No, we get it that you can't define successor.

Well, you are still trying to define the optional in terms of the must-have.

 

[Little 10 Toes]

No, I'm waiting for you to define successor. Can you do it? Can you just post the definition of it without links to links?

 

[doronshadmi]

No, I'm waiting for you to define successor. Can you do it? Can you just post the definition of it without links to links?

Any attempt to define the optional in terms of the must-have (the primitive) is doomed to logically fail.

 

[Little 10 Toes]

So you are saying you can't define it. Good.

 

[doronshadmi]

So you are saying you can't define it. Good.

I say that being a successor is an optional property of being a set, where also being incomplete is an optional property of being a set.

In both cases the must-have (non-optional property) is being a set.

Once again, Little 10 Toes, your current used reasoning simply can't deal even with http://www.internationalskeptics.com/forums/showpost.php?p=11295089&postcount=1586, and this is far from being good.

 

[zooterkin]

Which ones are missing? In the set of all natural numbers, which ones are not there?

Those that are not written down.

EDIT:
In order to understand my answer, you first have to understand the notion of a singleton as a successor (for example http://www.internationalskeptics.com/forums/showpost.php?p=11259142&postcount=1179 , http://www.internationalskeptics.com/forums/showpost.php?p=11259373&postcount=1181 and http://www.internationalskeptics.com/forums/showpost.php?p=11259463&postcount=1185).

Positive integers (where each one of them is a finite number) that are not in the range of a set, which its size is determined by a given infinite number.
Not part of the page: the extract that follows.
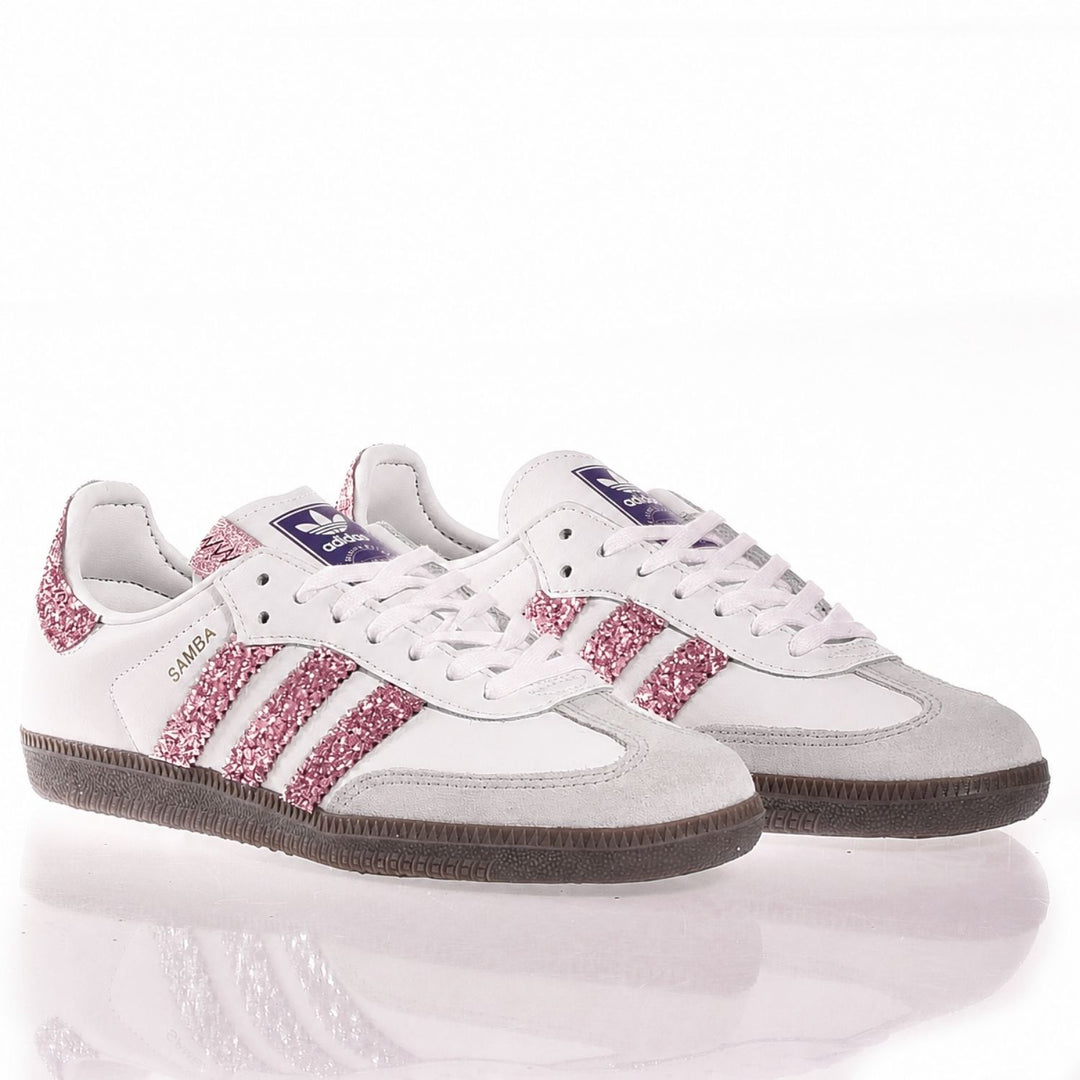Adidas Samba Glitter Rose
I am not talking about any particular positive integer, but about the fact that any particular positive integer has {positive integer} as its successor, where this mechanism prevents the completeness of the set of infinitely many positive integers.

By the standard definition of successor, Successor = n u {n}

By my non-standard definition of successor, Successor is {n} only if {n} is used as a successor of n (which means that also the option that {n} is not used as a successor of n holds).

Please look at http://www.internationalskeptics.com/forums/showpost.php?p=11257789&postcount=1169 and http://www.internationalskeptics.com/forums/showpost.php?p=11297273&postcount=1593.

http://www.internationalskeptics.com/forums/showpost.php?p=11264137&postcount=1251 (and its links) helps to understand the notion of a collection of infinitely many finite things (where in this case, a finite thing is each step).

Also http://www.internationalskeptics.com/forums/showpost.php?p=11271494&postcount=1388 is very helpful.

Could you be more specific? Which of the set of natural numbers is not present in the set of natural numbers?

 

[jsfisher]

I am not talking about any particular positive integer, but about the fact that any particular positive integer has {positive integer} as its successor

No, it isn't. As you keep telling us, it is or is not the successor, that being an optional property which, and with a wave of our hands we can decide it isn't.

...where this mechanism prevents the completeness of the set of infinitely many positive integers.

For any integer n, {n} may or may not be one of those doron-successor things, but so what? {n} isn't an integer. Its non-appearance in the set of integers is neither surprising nor relevant.

 

[Little 10 Toes]

I say that being a successor is an optional property of being a set, where also being incomplete is an optional property of being a set.

In both cases the must-have (non-optional property) is being a set.

Once again, Little 10 Toes, your current used reasoning simply can't deal even with http://www.internationalskeptics.com/forums/showpost.php?p=11295089&postcount=1586, and this is far from being good.

And yet you still can't define this optional property.

Please define sucessor. And by the way, I was asking this question before you started claiming "primitive", and before you started claiming it was optional.